The second Hensgens factor is whether plaintiff has been dilatory in asking for the amendment. Deliberto states that he assumed that the Wyndham owned the garage, loading dock and hydraulic lift and that counsel for Wyndham first revealed the true identity of the owner during depositions about one week before plaintiff filed the instant motion.

Gulf Coast suggests that plaintiff has been dilatory in seeking to amend his petition for two reasons. First, defendant contends that "Wyndham, by virtue of its answer to the plaintiff's petition and responses to his discovery, advised him over a year ago that it neither owned nor maintained the lift." Record Doc. No. 11, Gulf Coast's opposition memorandum, at p. 4. Second, Gulf Coast argues that plaintiff was dilatory because the deadline for filing amended pleadings, pursuant to the court's scheduling order, was February 17, 2004. Record Doc. No. 6.

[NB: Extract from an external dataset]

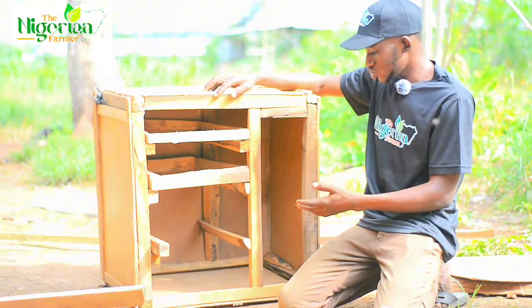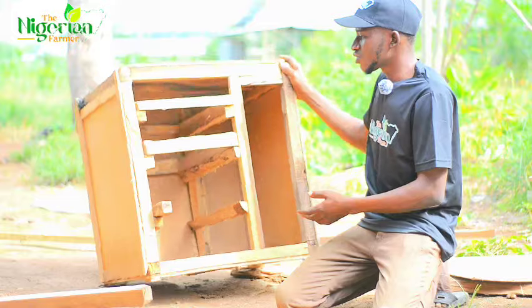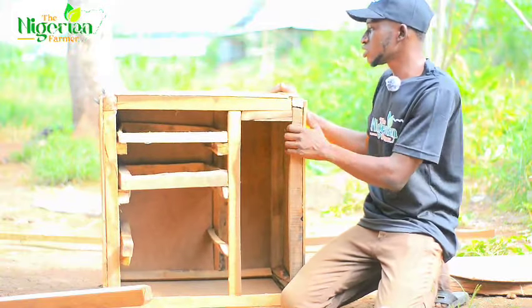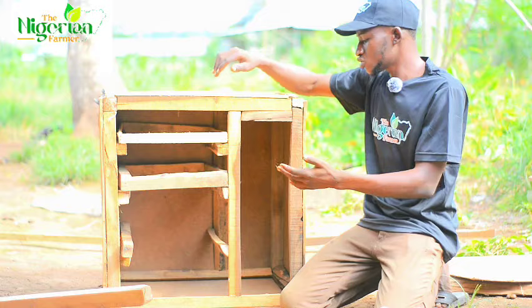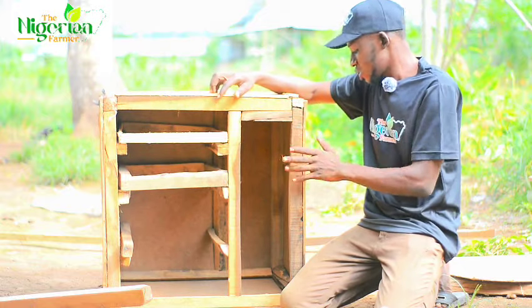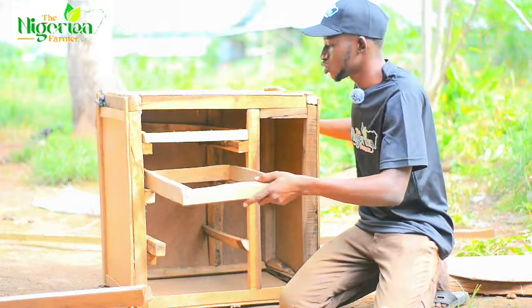This is well made. It's very solid — as you can see. Even if you sit on it, it will accommodate you. The materials used are very solid, and our trays fit in perfectly.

Gulf Coast bases its first argument that plaintiff was dilatory on Wyndham's denial of certain allegations in plaintiff's original petition. Paragraph 17 of plaintiff's petition states in pertinent part that "Wyndham is also liable for Plaintiff's injuries as: (A) Wyndham had garde of the loading dock and hydraulic lift having a vice or defect." Record Doc. No. 1, Petition, attached to Notice of Removal. In its answer, Wyndham responded, "The allegations contained in Paragraph 17 (A-F) of the Petition for Damages are denied." Record Doc. No. 1, Wyndham's Answer, attached to Notice of Removal.

Wyndham's broad denial of all six allegations listed in Paragraph 17 could reasonably be read in ways other than as an affirmative showing by Wyndham that it did not own the loading dock and hydraulic lift. Wyndham's statement could be taken as a generic denial of all claims; a denial as to Wyndham's liability, but not to its garde over the loading dock and hydraulic lift; or a denial that the loading dock and hydraulic lift have a vice or defect, but not to Wyndham's garde over them. In sum, Gulf Coast's argument that the denial amounts to a plain declaration that Wyndham does not own the loading dock and hydraulic lift is unconvincing.

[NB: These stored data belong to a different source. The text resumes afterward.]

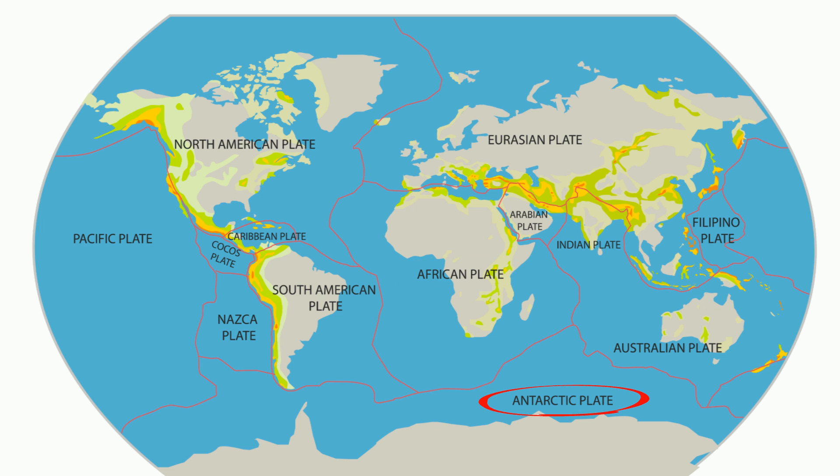The Antarctic plate. Antarctica has few underwater volcanoes and earthquakes rarely occur in Antarctica.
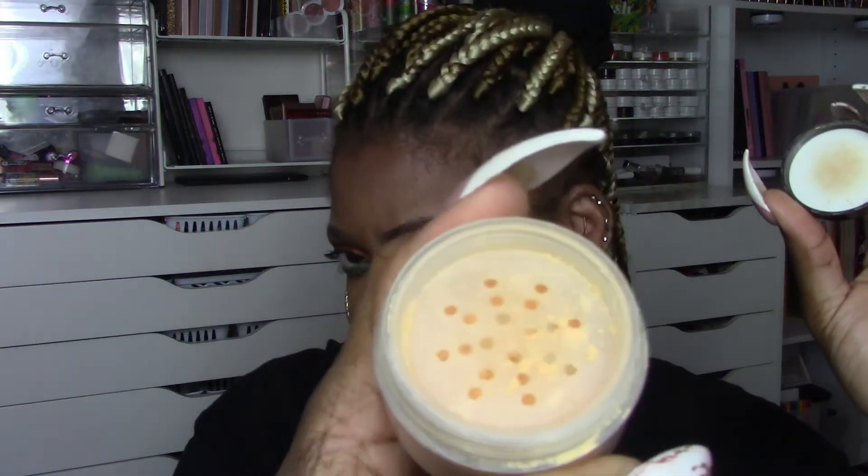To set the under eye, the powder I reach for most is the Laura Mercier translucent honey. I don't have a full size yet but I'll be buying one very soon because this one is running low. The translucent honey is a peachy-orangey yellow and it is perfect to set pretty much any concealer I put on my under eye.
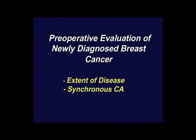So, preoperative evaluation of newly diagnosed breast cancers — we look for extensive disease and synchronous cancers.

Gulf Coast also points to two responses by Wyndham to plaintiff's interrogatories and request for production of documents in which Wyndham states that it "does not perform maintenance on [the] lift" and "Wyndham has no maintenance records on [sic] the lift as it does not perform maintenance work on the lift." Defendant's Exh. B, Answer to Interrogatory No. 6; Response to Request for Production of Documents No. 3. Gulf Coast submitted to the court only its responses, but not the interrogatory and document requests themselves, so I am left to wonder what the discovery requests specifically asked. Nonetheless, the responses could be read to state that Wyndham contracts with outside, rather than in-house, mechanics to perform maintenance on the lift and therefore has no records of the maintenance performed. Wyndham did not affirmatively state in either instance that it does not own the lift. Thus, Wyndham's responses to these discovery requests are ambiguous on this point and would not necessarily lead plaintiff to conclude that Wyndham is not the owner of the garage, loading dock and hydraulic lift.

Gulf Coast also argues that plaintiff has been dilatory because the court-ordered deadline for filing amendments to pleadings has passed and plaintiff's motion may be denied solely because it was filed after the deadline had passed.

I find that Deliberto's assumption that Wyndham was owner of the garage was reasonable and that plaintiff filed the motion promptly after learning in recent days that The Garage is the actual owner of the garage, loading dock and hydraulic lift that are central to his claims. Under these circumstances, good cause exists under Rule 16 for permitting the amendment after the deadline, and I find that plaintiff has not been dilatory in seeking the amendment. Thus, the second Hensgens factor weighs in favor of permitting the amendment.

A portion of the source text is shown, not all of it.